Exercise: Only the lines from the first line of the data through the line containing "IDMarket - Set" belong in the answer, transcribed exactly; pictures do not.

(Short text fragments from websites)

- - - - - - -

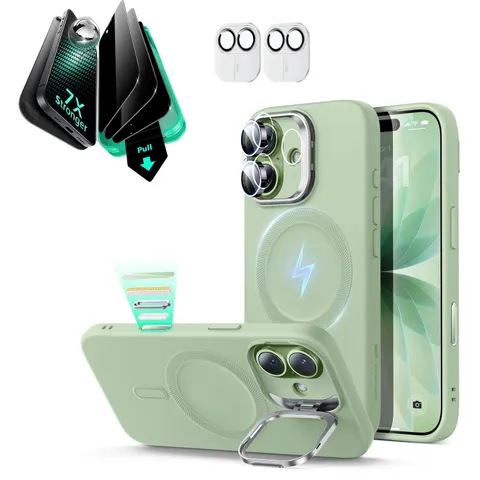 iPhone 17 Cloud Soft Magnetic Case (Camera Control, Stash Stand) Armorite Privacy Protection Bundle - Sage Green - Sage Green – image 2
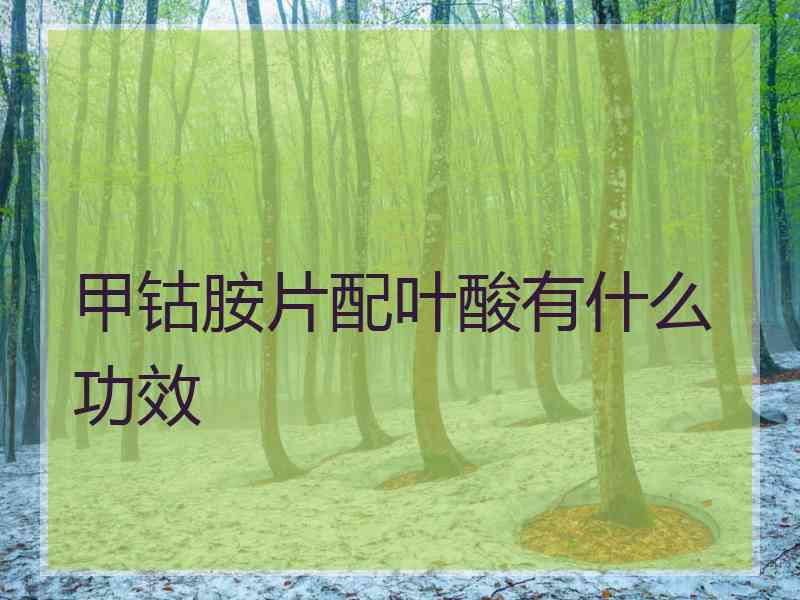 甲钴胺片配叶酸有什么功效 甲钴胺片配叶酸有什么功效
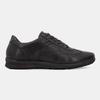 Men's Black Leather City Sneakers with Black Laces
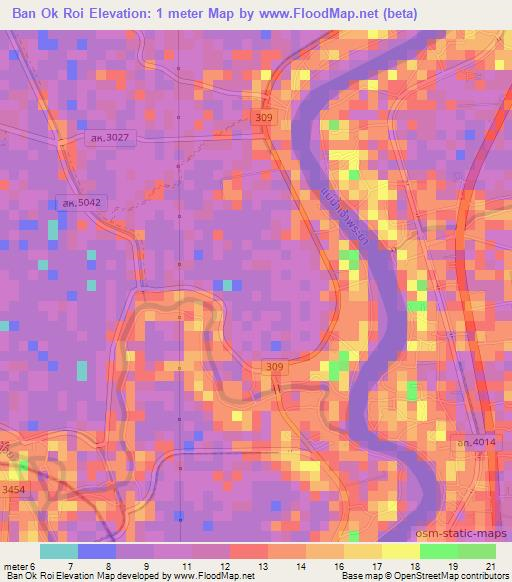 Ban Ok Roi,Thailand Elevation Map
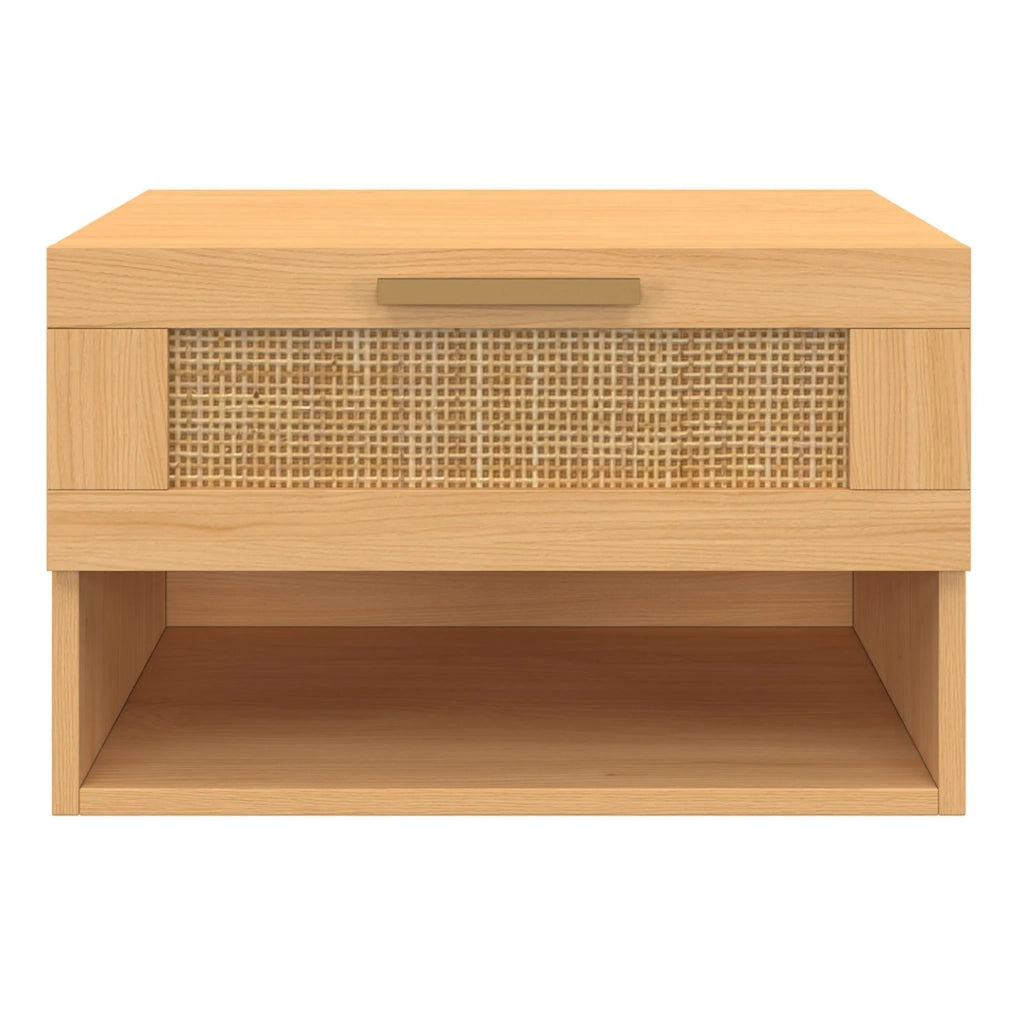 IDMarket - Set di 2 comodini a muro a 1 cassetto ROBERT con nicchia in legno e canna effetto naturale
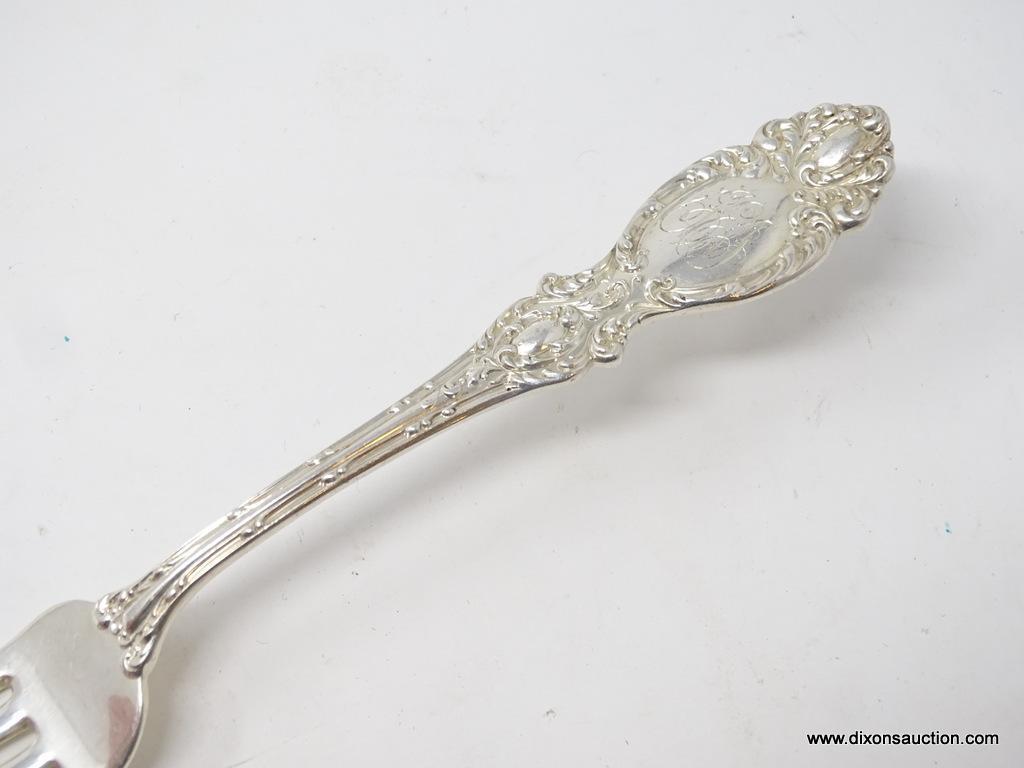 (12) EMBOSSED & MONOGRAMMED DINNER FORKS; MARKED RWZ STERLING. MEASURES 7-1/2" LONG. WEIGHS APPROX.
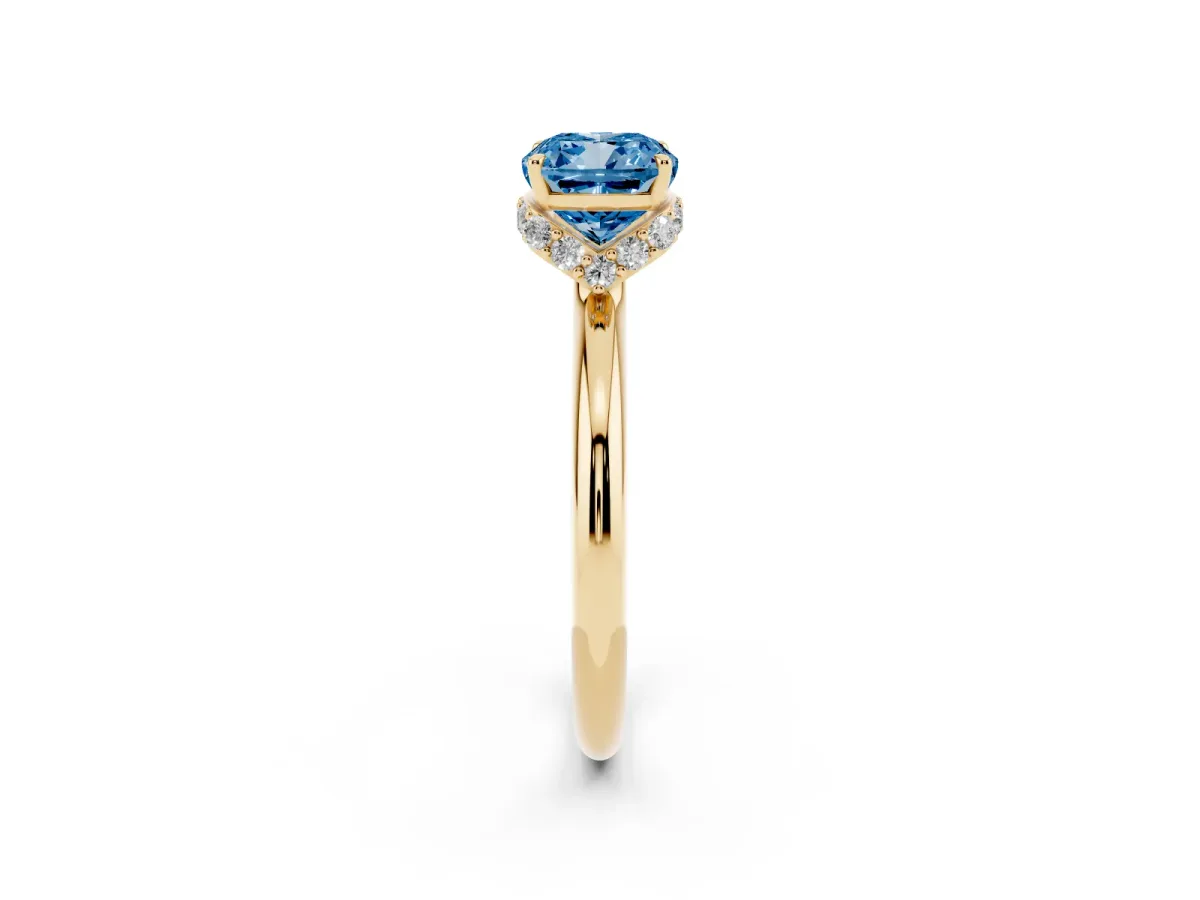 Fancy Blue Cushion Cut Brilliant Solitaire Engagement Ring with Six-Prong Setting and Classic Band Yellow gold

- - - - - - -

Solution to this problem:
 iPhone 17 Cloud Soft Magnetic Case (Camera Control, Stash Stand) Armorite Privacy Protection Bundle - Sage Green - Sage Green – image 2
 甲钴胺片配叶酸有什么功效 甲钴胺片配叶酸有什么功效
 Men's Black Leather City Sneakers with Black Laces
 Ban Ok Roi,Thailand Elevation Map
 IDMarket - Set di 2 comodini a muro a 1 cassetto ROBERT con nicchia in legno e canna effetto naturale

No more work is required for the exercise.